Say you have some text (sentence / phrase / keyword etc.) in a cell and you want to extract the nth word. Unfortunately Excel doesn’t have SPLIT() formula. So we end up writing obscenely long array formulas or use gazillion helper columns.
Here is the super sneaky trick. Use FILTERXML() instead.
See this example
How to extract words from sentence with FILTERXML
Say you have a long sentence (or keyword phrase) in cell C3.
Step 1: Convert this to valid XML
This sounds complicated that it is. All you need to do is prefix, insert and suffix some tags. Like this:
="<DATA><A>"& SUBSTITUTE(C3, " ", "</A><A>") & "</A></DATA>"
This will turn C3 in to a valid XML block with each word as <A> node.
Step 2: Use FILTERXML on this to extract words
Now that we have valid XML, you can say =FILTERXML(C5, “/DATA/A[3]”)
to extract the 3rd word from our XML converted sentence.
Step 3: There are no more steps. Enjoy FILTERXML.
Bonus trick: Use [last()] to get the last word. For example, =FILTERXML(C5, “/DATA/A[last()]”) will get you the last word from sentence.
Watch this – how to extract words with FILTERXML() in Excel
I was so excited to learn about this that I recorded a video in my robe. Rated A (for awesomeness), Do check it out below or on my YouTube page.
Download example workbook
Click here to download the example file for this tip. Play with FILTERXML to learn more.
Learn more about XML & XPATH
If you want to learn how XML and Xpath work, check out these pages.
- Xpath cheatsheet – devhints
- Xpath examples – w3 Schools
What if you can’t use FILTERXML?
FILTERXML works in Excel 2013 or above. But if you are using an older version of Excel or Excel for Mac, then you can’t rely on this method.
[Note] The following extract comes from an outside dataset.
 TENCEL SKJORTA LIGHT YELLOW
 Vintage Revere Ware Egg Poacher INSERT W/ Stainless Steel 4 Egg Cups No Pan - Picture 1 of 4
Check out below two examples to learn other ways to split and extract words from sentences.
Do you FILTERXML for splitting or something else …?
I almost never use FILTERXML unless I am calculating distance between points or calling a webservice. But this use of splitting text is fun. Big thanks to GraH for posting this in the forum.
What about you? Have you used FILTERXML for any other out of box situations? Please share in the comments. Pretty please with sprinkles of conditional formatting icons on top 🙂
6 Responses to “#awesome trick – Extract word by position using FILTERXML()”
Hey Chandoo,
Nice of you to say thanks, but honestly all credits and merits go to Dave2018. As I only remembered his earlier challenge where I picked up the trick. So kudos to him 🙂
https://chandoo.org/forum/threads/parse-cell-without-array-formula.40551/
Cheers
G.
Very good and you have made it very simple to use.
I downloaded your file and played with it. I put my own sentence in cell C3 ... Mary had a little lamb, its fleece was white as snow.
Here is my comment ... not a criticism ... notice the punctuation in my sentence? When I ask for word 5, I get lamb, and word 11 returns snow.
Of course, removing all punctuation is an option. Ignoring the punctuation in the output is another option.
Just saying!
The FILTERXML trick was also used in an earlier challenge from Jan 2017 to return unique strings from a comma separated list (unsorted).
https://chandoo.org/forum/threads/create-a-unique-delimited-string-from-a-delimited-string-–-excel-formula-method-by-david-hager.32630/
and here using Bill Jelen's cool trick to concatenate a 3D range:
https://excelxor.com/2016/04/08/advanced-formula-challenge-13-single-array-containing-all-entries-from-a-given-range-in-multiple-worksheets/#comment-2684
Thank you so much for sharing these links Lori. Welcome back to comments section. 🙂
Hi Chandoo,
I had come across this beautiful solution sometime back. Works as beautifully as your.
Thanks for your technique.
=TRIM(MID(SUBSTITUTE(C3," ",REPT("^",LEN(C3))), (F8-1)*LEN(C3)+1, LEN(C3)))
C3 = sentence
F8 = Nth word input